4 out of 5 stars Very entertaining   June 29, 2003
John M. Kelly (Sonoma, CA USA)
10 out of 11 found this review helpful

If you enjoy "X Files", "Roswell", even "Star Trek" for the entertainment value (as I do) you will probably like this book. If you are a passionate believer, or disbeliever, you won't. In "The Hunt for Zero Point" Nick Cook has crafted a very readable, entertaining novel around a subject for which there is little hard evidence, historical or current. And in a field which is rife with conspiracy theories and theorists he manages to underplay this aspect - as a respectable journalist should.

My father-in-law turned me on to this book. He is a taciturn fellow; his comment to me was "there is not a lot here, but you might enjoy it." He was right on both counts, and my guess is he should know. He was an electrical engineer, drafted into the Army during WWII, worked for ARPA, was posted to Germany towards the end of hostilities to help "clean up" after the Wehrmacht, and then went back to DARPA until he retired as a full colonel. Perhaps unsurprisingly, both of his sons work for large defense contractors managing "confidential" engineering projects.
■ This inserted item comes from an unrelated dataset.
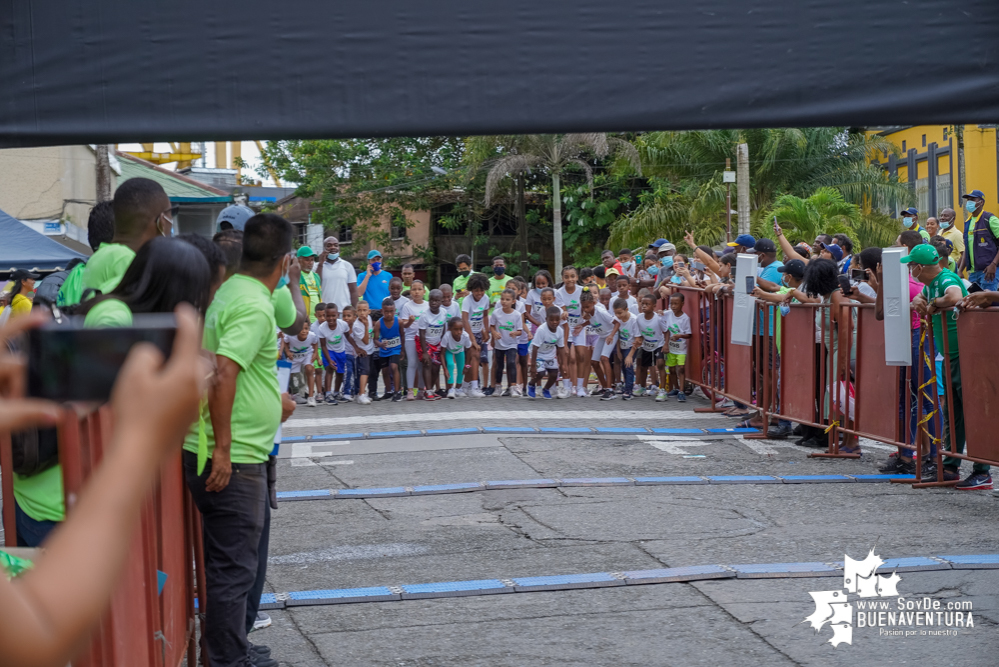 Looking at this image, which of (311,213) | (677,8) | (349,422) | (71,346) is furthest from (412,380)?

So, regarding that conspiracy theory stuff? Hey, humans hide things from each other - you aren't telling your friends that you dress up in a tutu, suck your thumb and cry while your spouse spanks you, are you? We have our reasons. Our governments have their reasons (security) and our industries do too (to protect revenue).

Imagine trillions of dollars invested in a world-wide infrastructure, millions of people directly employed and many millions more indirectly, large profits and tax revenue generated, and maybe even a belief in the manifest destiny of humankind to fully utilize the resources that God has provided. Along comes a technology that will render the infrastructure obsolete, put all those people out of work, and destroy the profits and tax revenue - overnight. What do you do? You sit on the new technology until the resources are depleted (or until the asteroid strike). That's not a conspiracy, that's just common sense.

Recommended. Buy this book, and enjoy it. Then get on the web and find out that maybe it is not all smoke after all.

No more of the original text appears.